• _MATERIAL PROVIDED_:
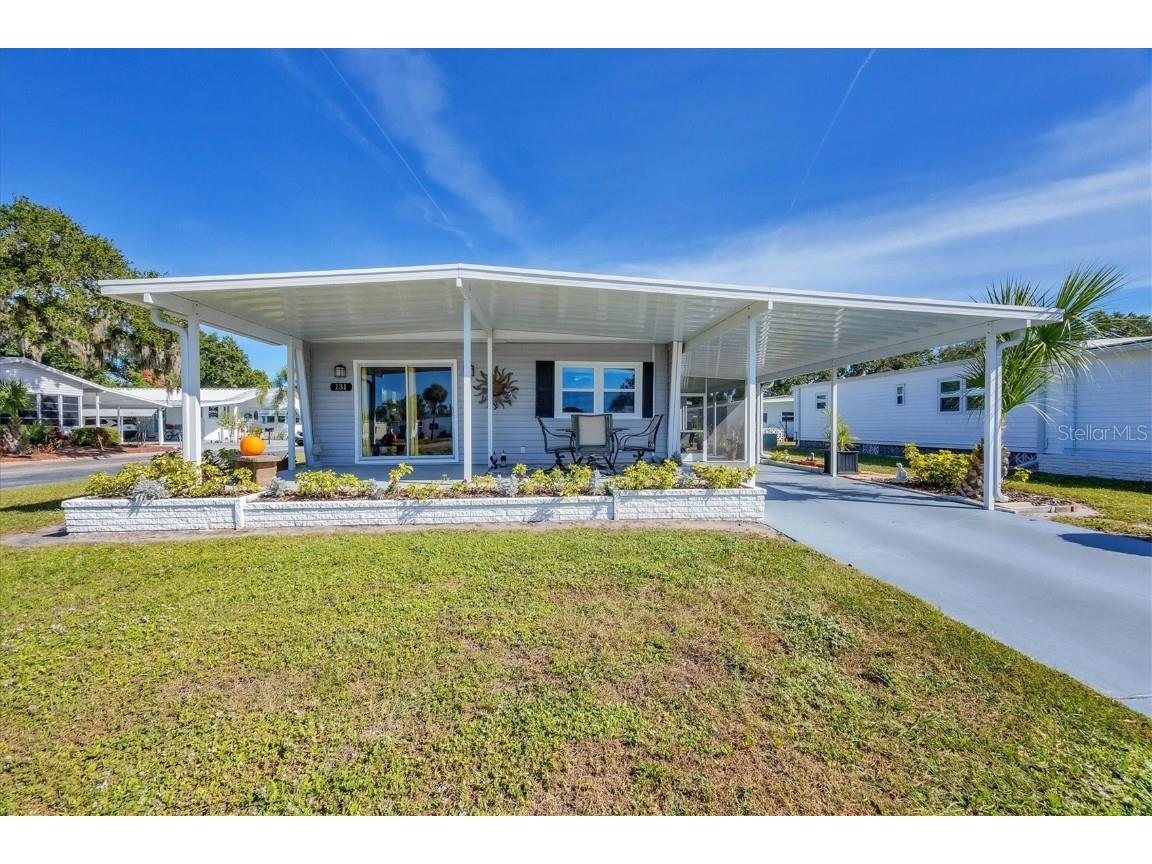 131 Oakwood Lane Sarasota FL 34237 A4671426 image1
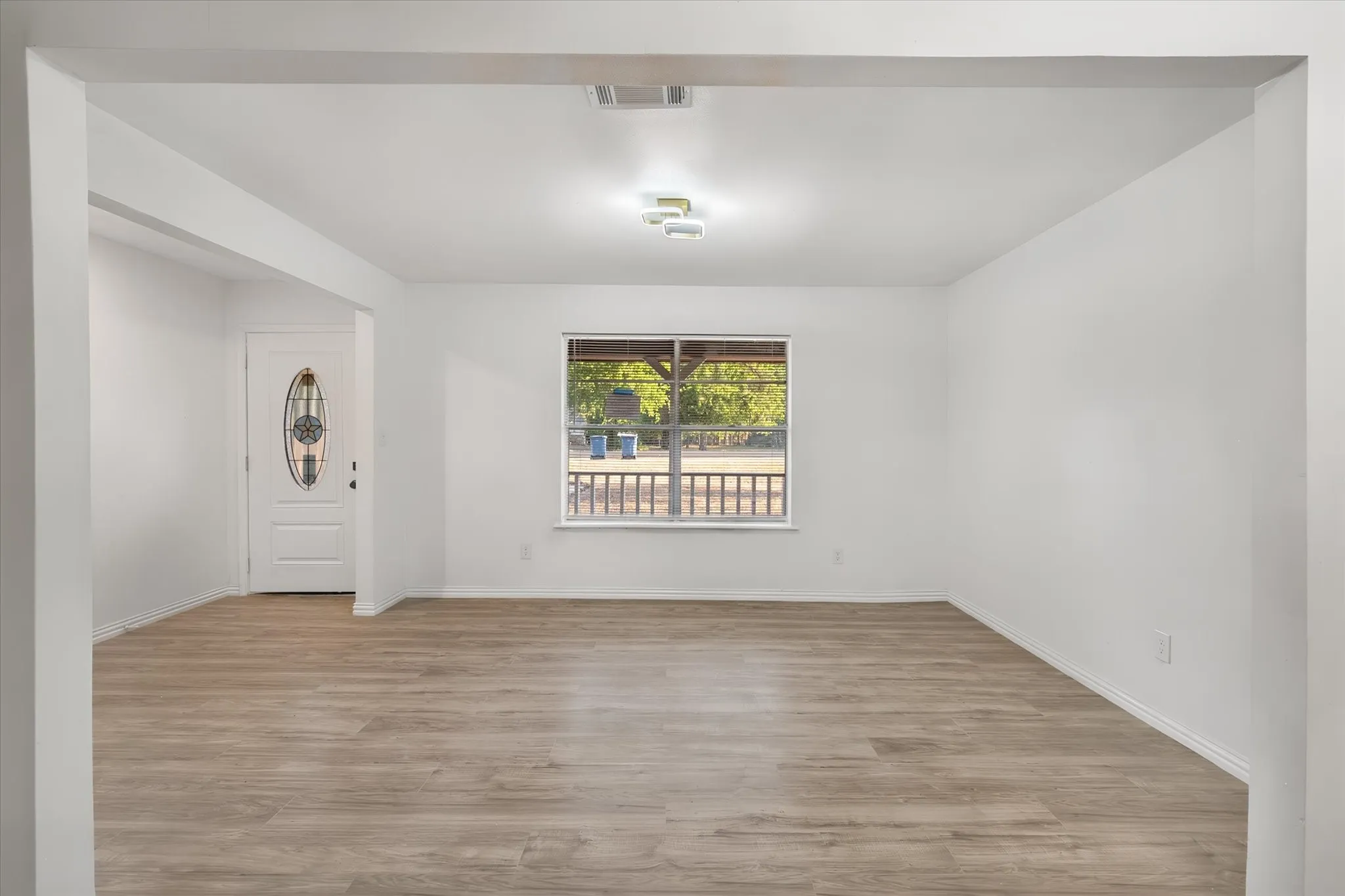 Single Family Residence For Sale in Navarro County , 3400 Emhouse Road, Corsicana, Texas 75110, 3 Bedroom, 2 Bathroom, 2 Garage spaces, 1,730 Sqft, built in 1968, mls#21371816, Real Estate Agent in Corsicana, Homes For Sale in Navarro county, Homes For Sale in Corsicana, Realtor in Corsicana Texas, Real Estate Brokerage Independent Realty Texas, Luminita Cordes Realtor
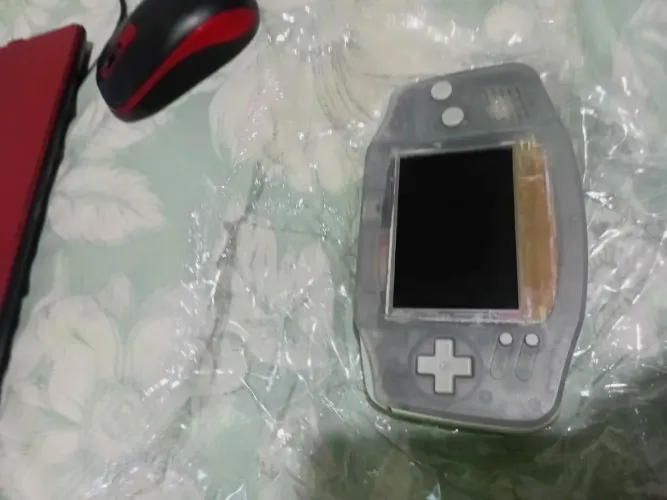 Game boy advance sem tela e sem tampa,liga mas sem imagem, troco por fliperama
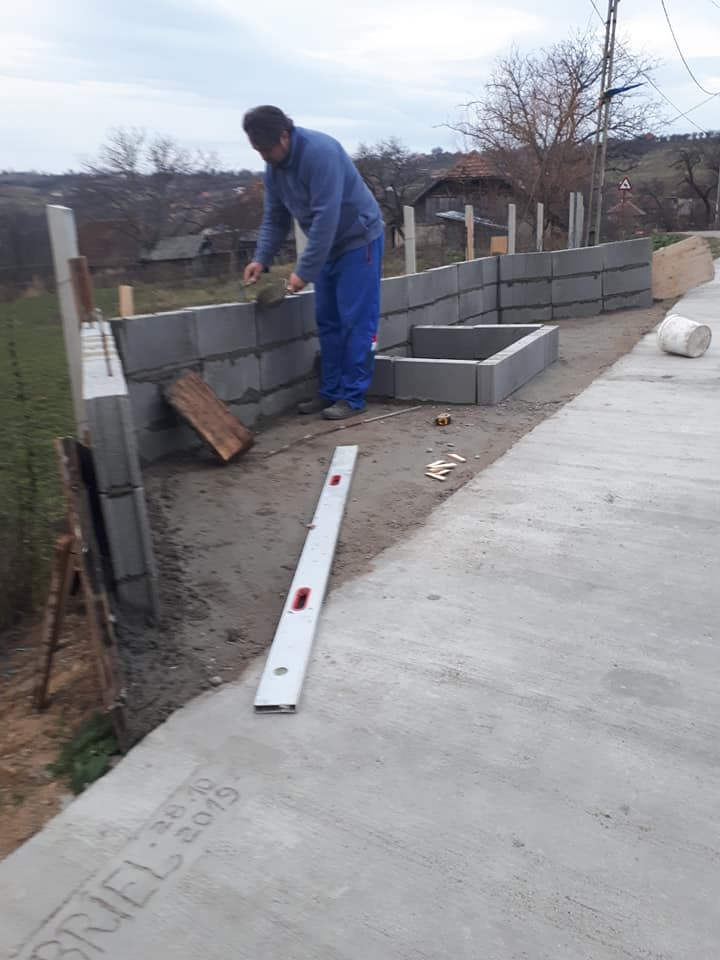 FOTO. Preotul sătmărean care construiește singur un monument al eroilor. Respect!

• _TASK REQUIREMENTS_: Repeat every line above exactly, but omit all images.

• _RESPONSE BELOW_:
 131 Oakwood Lane Sarasota FL 34237 A4671426 image1
 Single Family Residence For Sale in Navarro County , 3400 Emhouse Road, Corsicana, Texas 75110, 3 Bedroom, 2 Bathroom, 2 Garage spaces, 1,730 Sqft, built in 1968, mls#21371816, Real Estate Agent in Corsicana, Homes For Sale in Navarro county, Homes For Sale in Corsicana, Realtor in Corsicana Texas, Real Estate Brokerage Independent Realty Texas, Luminita Cordes Realtor
 Game boy advance sem tela e sem tampa,liga mas sem imagem, troco por fliperama
 FOTO. Preotul sătmărean care construiește singur un monument al eroilor. Respect!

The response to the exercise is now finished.